Abstract
Statistical non-independence of species’ biological traits is recognized in most traits under selection. Yet, whether or not the evolutionary rates of such biological traits are statistically non-independent remains to be tested. Here, we test the hypothesis that phenotypic evolutionary rates are non-independent, i.e. contain phylogenetic signal, using empirical rates of evolution in three separate traits: body mass in mammals, beak shape in birds and bite force in amniotes. Specifically, we test if evolutionary rates are phylogenetically interdependent. We find evidence for phylogenetic signal in evolutionary rates in all three case studies. While phylogenetic signal diminishes deeper in time, this is reflective of statistical power owing to small sample and effect sizes. When effect size is large, e.g. owing to the presence of fossil tips, we detect high phylogenetic signals even in deeper time slices. Thus, we recommend that rates be treated as being non-independent throughout the evolutionary history of the group of organisms under study, and any summaries or analyses of rates through time—including associations of rates with traits—need to account for the undesired effects of shared ancestry.
Keywords: evolutionary rates, trait evolution, phylogeny, phylogenetic comparative methods, phylogenetic signal
1. Introduction
Descent with modification [1] is of fundamental importance to evolutionary biology and is recognized in most traits under selection. Through evolutionary time, trait values will be more similar in closely related species than in distantly related species, because the variance of trait values will be proportional to the divergence in evolutionary time [2]. This equates to shared ancestry, i.e. phylogeny. The degree to which shared ancestry affects biological traits can thus be described by the proportion of variance in trait data across a comparative sample of species that can be explained by phylogenetic relations, or phylogenetic signal, e.g. K [3] or λ [4]. This has statistical implications, i.e. phylogenetic non-independence.

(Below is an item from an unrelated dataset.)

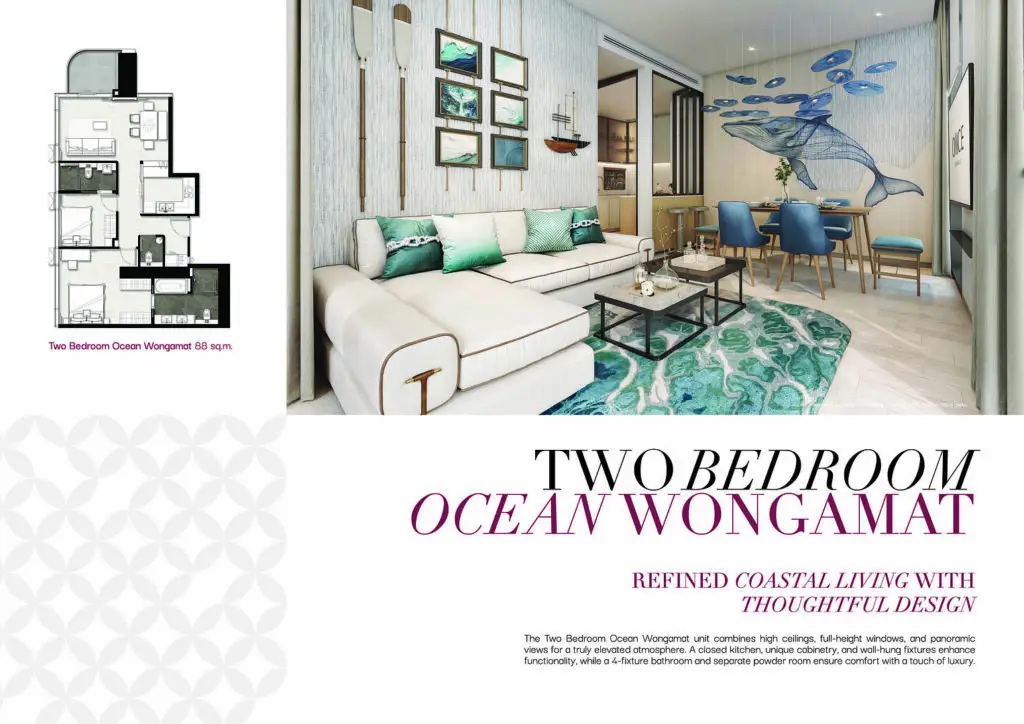 2 Bedroom  74.00 - 90.00 Sq.m. interior 2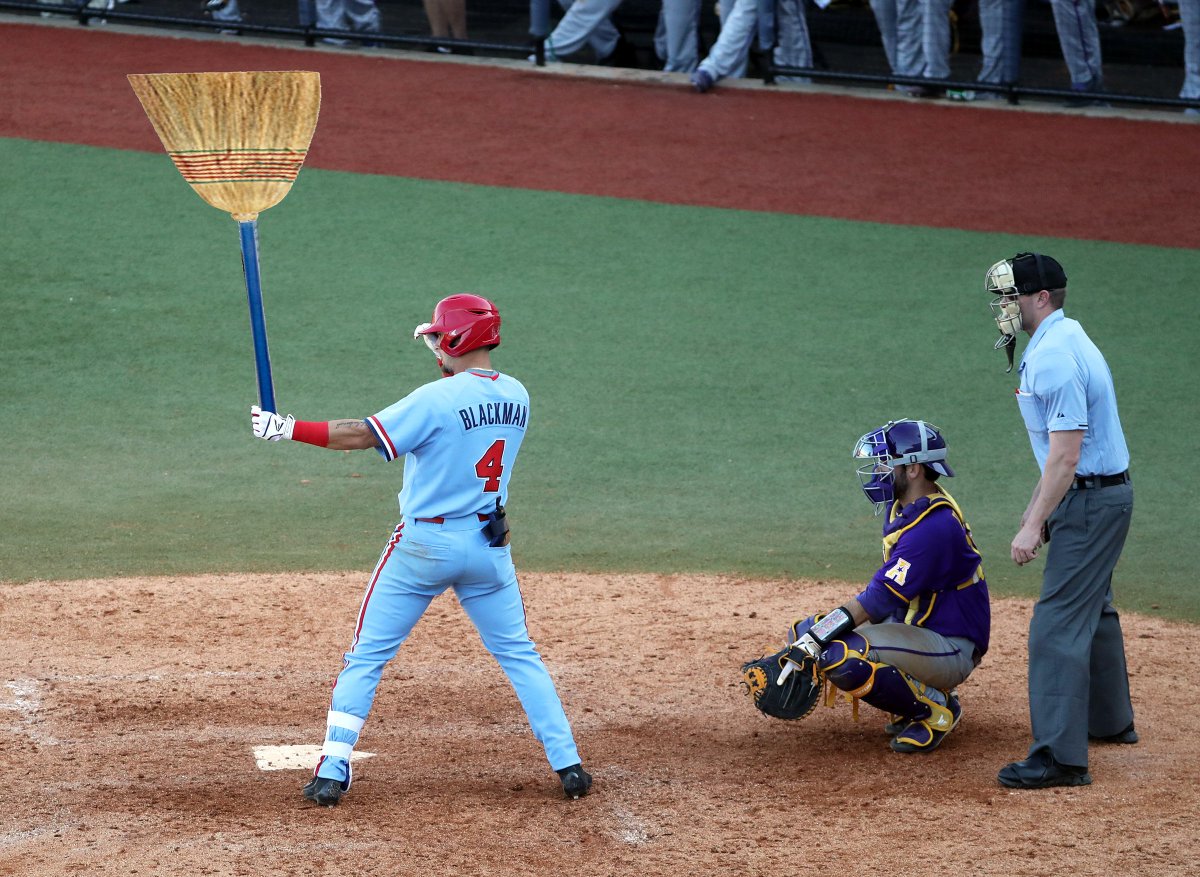 Yep. 

#JustSweepinUp @BlackmanTate

<a href="/OleMissBSB/">Ole Miss Baseball</a>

While acknowledgement of phylogenetic non-independence in phenotypic trait data has become common in comparative studies [5], it is not so for the rates of evolution (how fast organisms’ characteristics evolve). As rates are often used as proxies for adaptations [6,7], it is of immense importance that we understand their statistical properties, in particular, phylogenetic non-independence. However, we have not been able to identify any study in the literature that explicitly tests for phylogenetic signal in phenotypic evolutionary rates aside from rare instances in which this was implied [8].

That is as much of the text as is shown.